Mass. Supreme Court Upholds Auto Assigned Risk Plan

The Massachusetts Supreme Judicial Court has unanimously ruled that the state insurance commissioner has the authority to create an assigned risk plan to replace the existing reinsurance plan for insuring high-risk drivers.

Insurance Commissioner Julianne Bowler ordered that current Commonwealth Auto Reinsurers plan, which is based on a hybrid reinsurance model, be phased out by January 1, 2008, and replaced by an assigned risk plan.

The move meant a switch from a high risk system under which agents are assigned to insurance companies to one in which individual high risk drivers are assigned to insurers.

Bowler said she backed the ARP system in part because it resembles the residual market systems in 42 other states.

Several domestic auto insurers, including Commerce Insurance and Arbella Mutual Insurance Company, along with the Center for Insurance Research, and others had argued that she lacked the statutory authority to make such a switch.

A judge in the Superior Court stayed implementation of the new plan pending trial and thereafter a second judge in the Superior Court ordered judgment for Commerce and the other plaintiffs, and annulled the decision of the commissioner. That judge concluded that creation of an assigned risk plan is contrary to the plain language of G.L. c. 175, § 113H, and its underlying spirit and purpose, and that the commissioner did not have the statutory authority to promulgate such a plan.

Bowler appealed that decision and the state’s highest court has now reversed the Superior Court.

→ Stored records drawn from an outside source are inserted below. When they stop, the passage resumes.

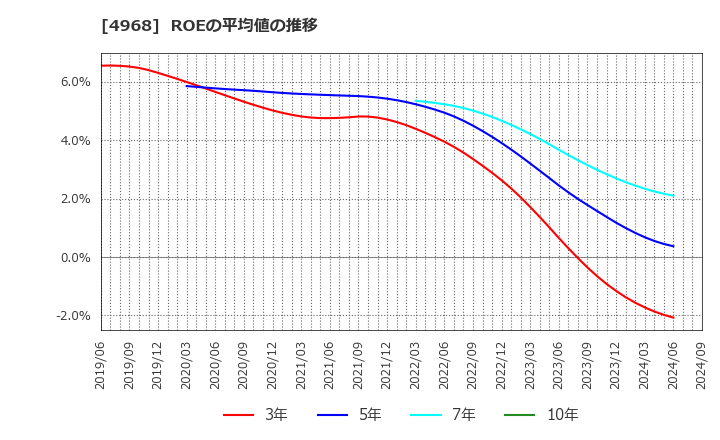 4968 荒川化学工業(株): ROEの平均値の推移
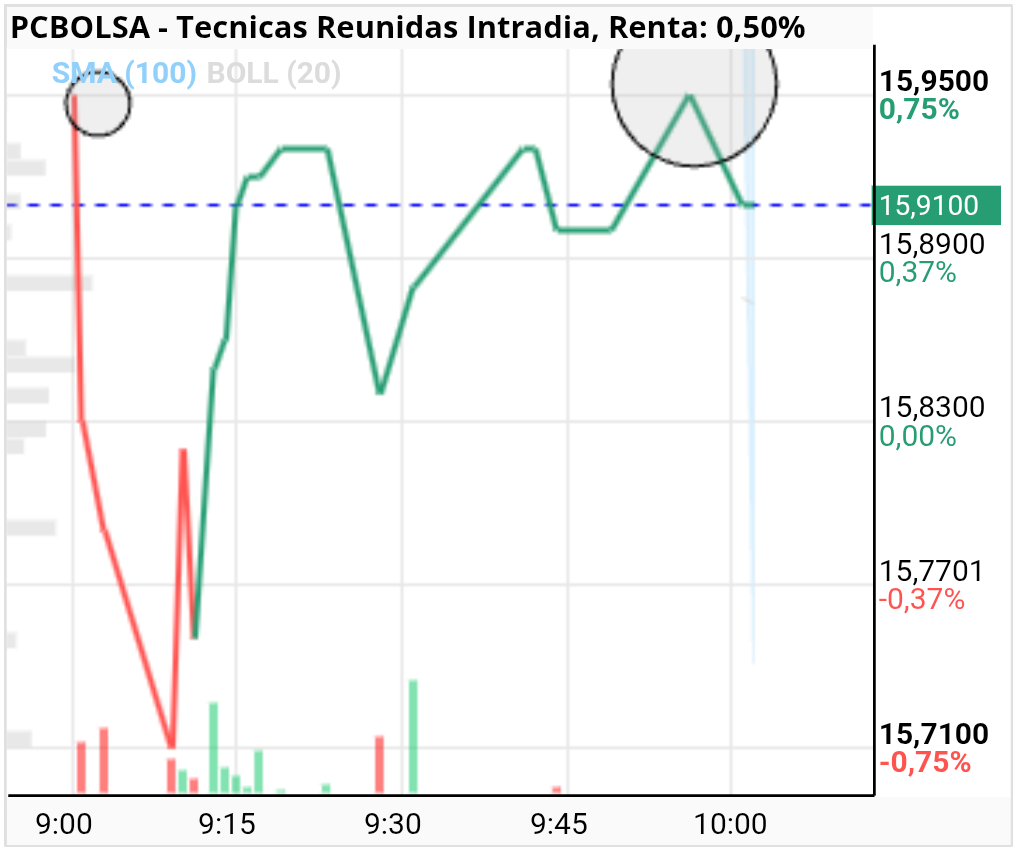 Tecnicas Reunidas - Otros dos toques lleva hoy en el 15.95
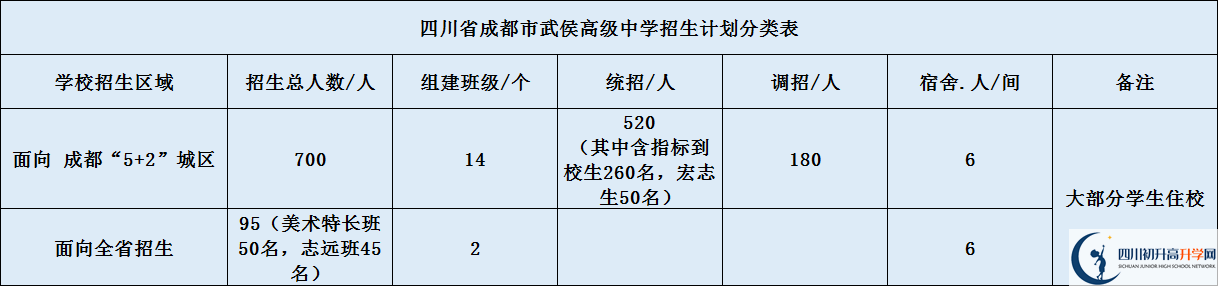 2020年成都市武侯高級中學(xué)招生計(jì)劃是什么？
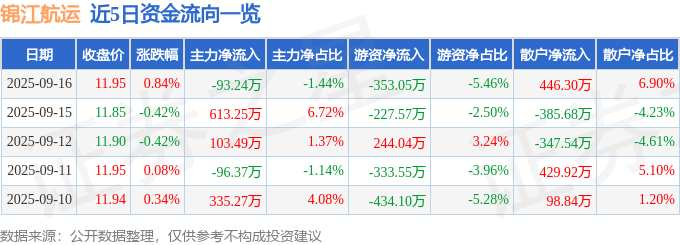股票行情快报：锦江航运（601083）9月16日主力资金净卖出93.24万元
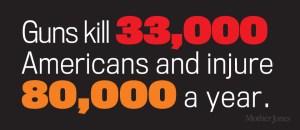 Cost of Gun Violence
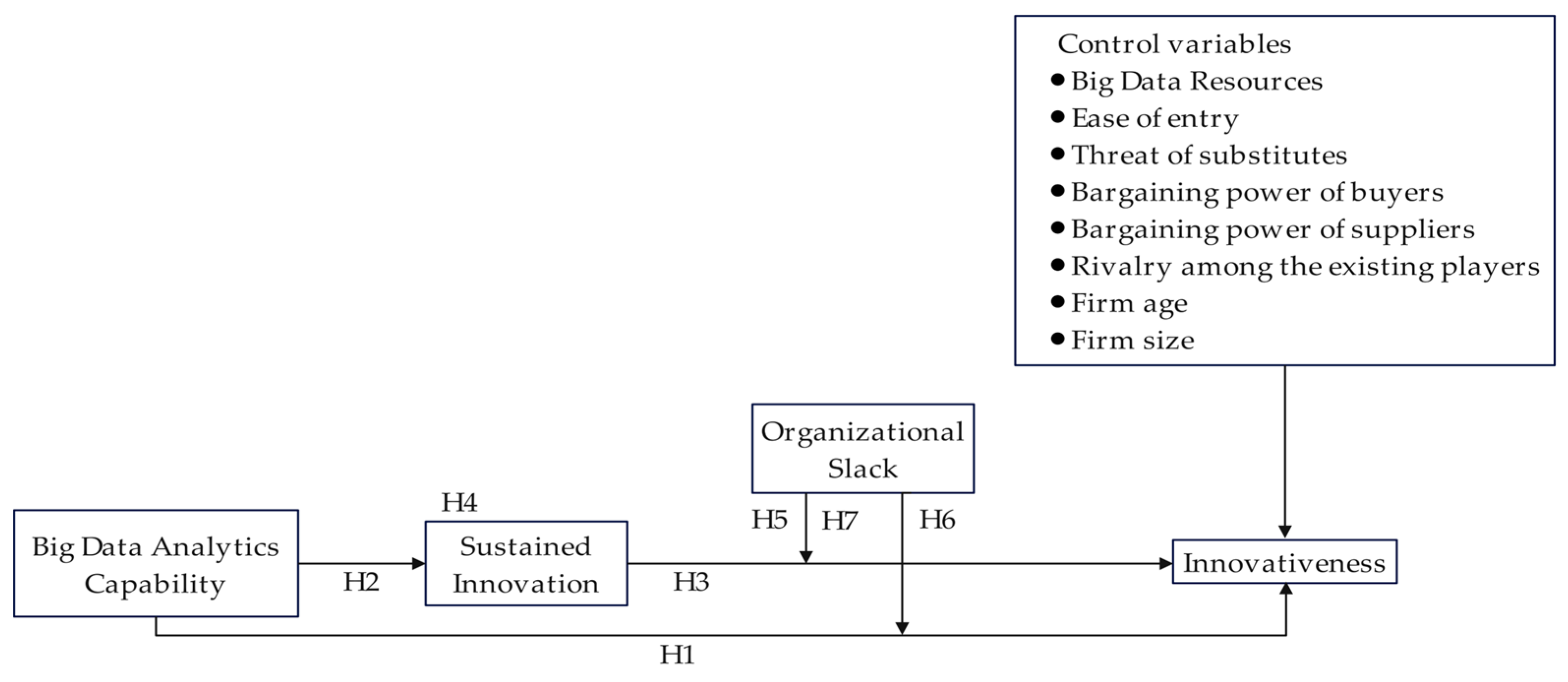 Systems 13 00730 g001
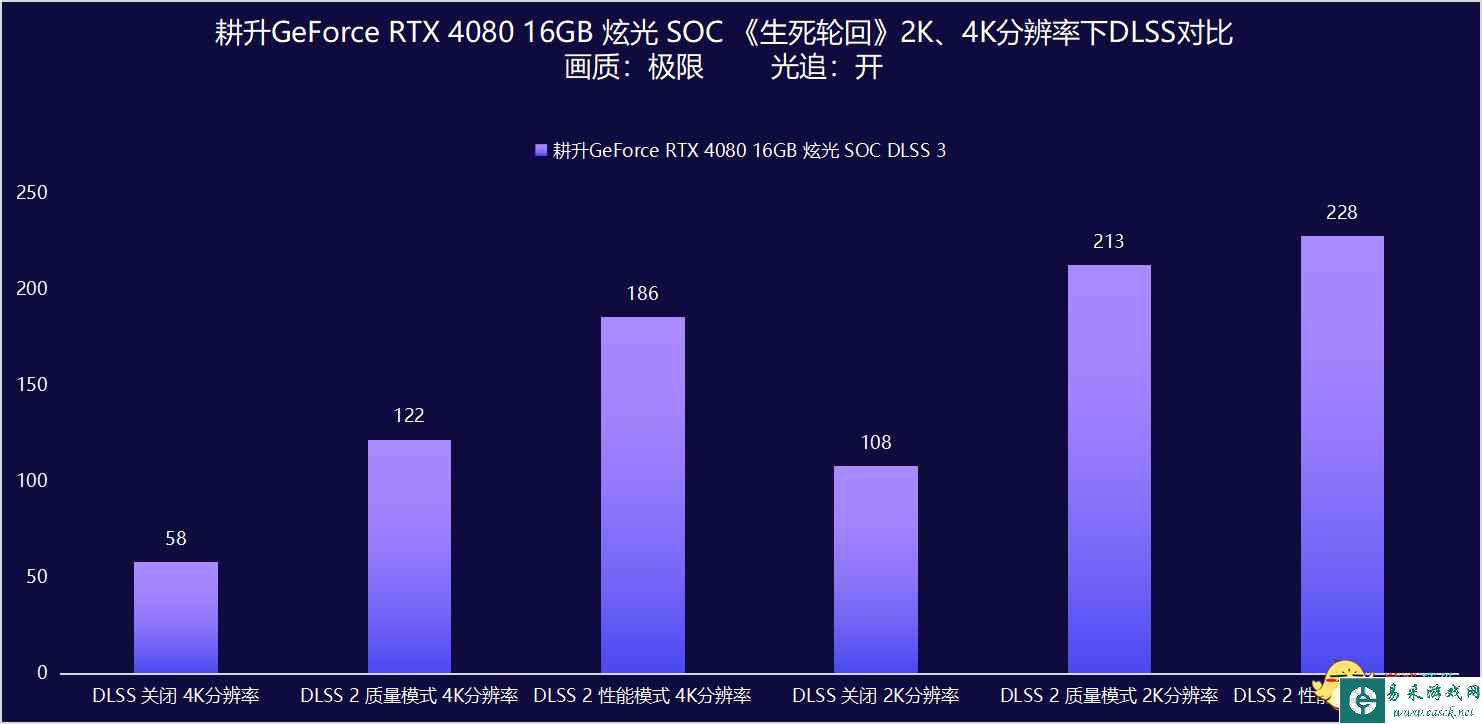 易采游戏网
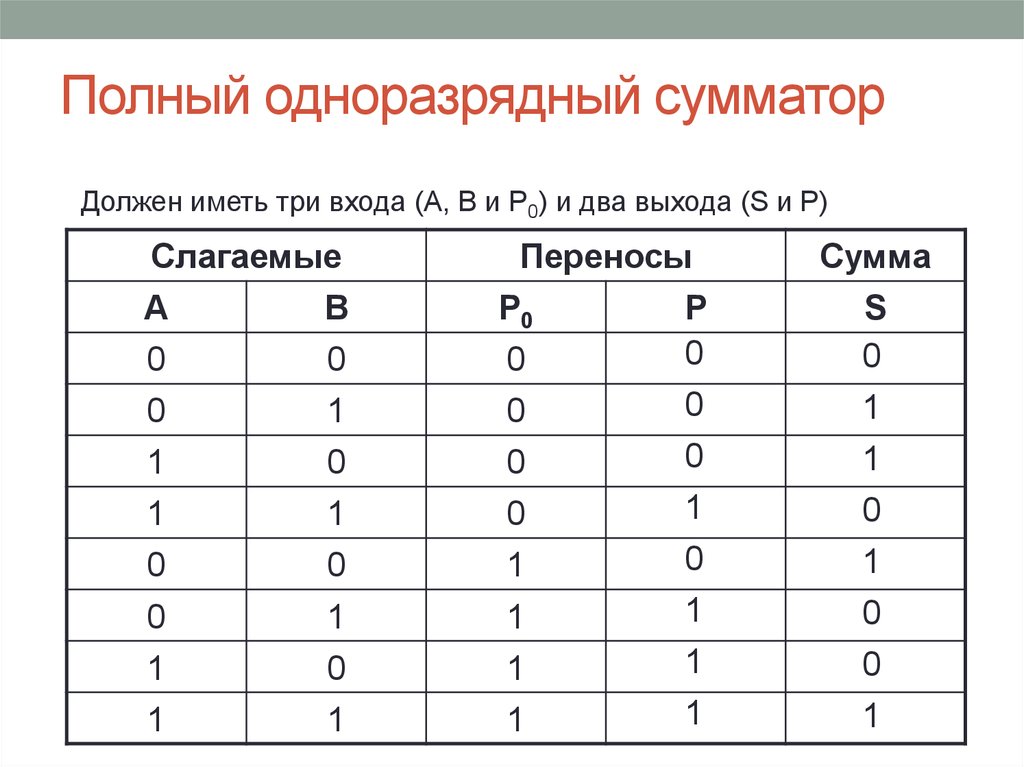 Одноразрядный сумматор. Таблица истинности сумматора. Полный одноразрядный сумматор. Одноразрядный полный сумматор его таблица истинности. Сумматор на 3 входа.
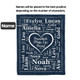 Personalized 1-16 Grandkid Names Blanket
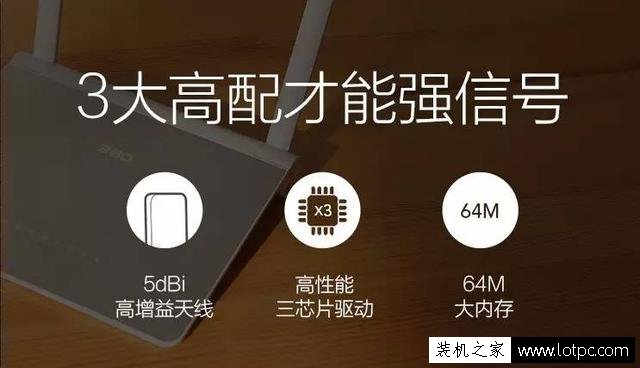 購買路由器要注意什么 購買路由器看什么參數？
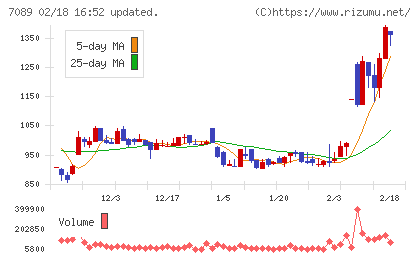 フォースタートアップスチャート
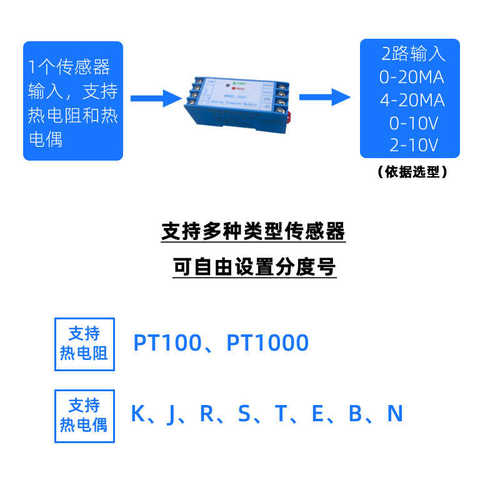 10v-pt10020ma式变送器2sa01导轨热电偶-4变送器一体化模块温度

She was supported by the American Insurance Association, the Massachusetts Federation of Insurers and other parties.

The Aug. 23 decision written by Justice Francis X. Spina affirmed the Massachusetts Automobile Insurance Plan as promulgated by Bowler in December 2004, except for the provision providing that a so-called “clean in three” driver shall not be placed in the assigned risk pool. Such a driver, if rejected in the voluntary market, may be unable to obtain insurance as a result of the “clean in three” rule. That aspect of the plan was remanded to the commissioner for further proceedings.

The commissioner argued that the plain language of the law contains a broad grant of authority that allows her to promulgate any plan that is rationally related to the plain statutory goals of providing “motor vehicle insurance to applicants who have been unable to obtain insurance through the method by which insurance is voluntarily made available,” and to provide “for the fair and equitable apportionment among insurance companies of premiums, losses or expenses, or any combination thereof” arising from such insurance.

But the plaintiffs contended that the plain meaning of the law prohibits the commissioner from promulgating an assigned risk plan, and mandates a hybrid reinsurance plan such as the CAR plan currently in use. They further argued that the statute must be construed in the context of its original enactment and amendments since 1953 as well as the long-standing administrative interpretation given the statute, which compel the conclusion that the statute prohibits an assigned risk plan. Finally, the plaintiffs argued that an assigned risk plan is inconsistent with other statutory provisions and underlying policies.

The Supreme Court sided with Bowler, noting that the statute “does not specify whether the plan shall be an assigned risk plan, a reinsurance facility, or a joint underwriting association, the principal models used to write insurance for the residual market in the United States. The goals of each of these models in the residual market context are to provide insurance to high-risk drivers who are unable to obtain insurance in the voluntary market, and to apportion net losses fairly among carriers. Each model accomplishes these goals in different ways.”

As for the plaintiffs’ history argument, the court dismissed it as well. “We conclude that the history of the amendments to § 113H (A) since 1953 do not compel the conclusion that a reinsurance facility is required under the 1983 amendment. If the history of the amendments is helpful to any party, it favors the view of the commissioner,” the court wrote.

The decision is COMMERCE INSURANCE COMPANY & others vs. COMMISSIONER OF INSURANCE & another.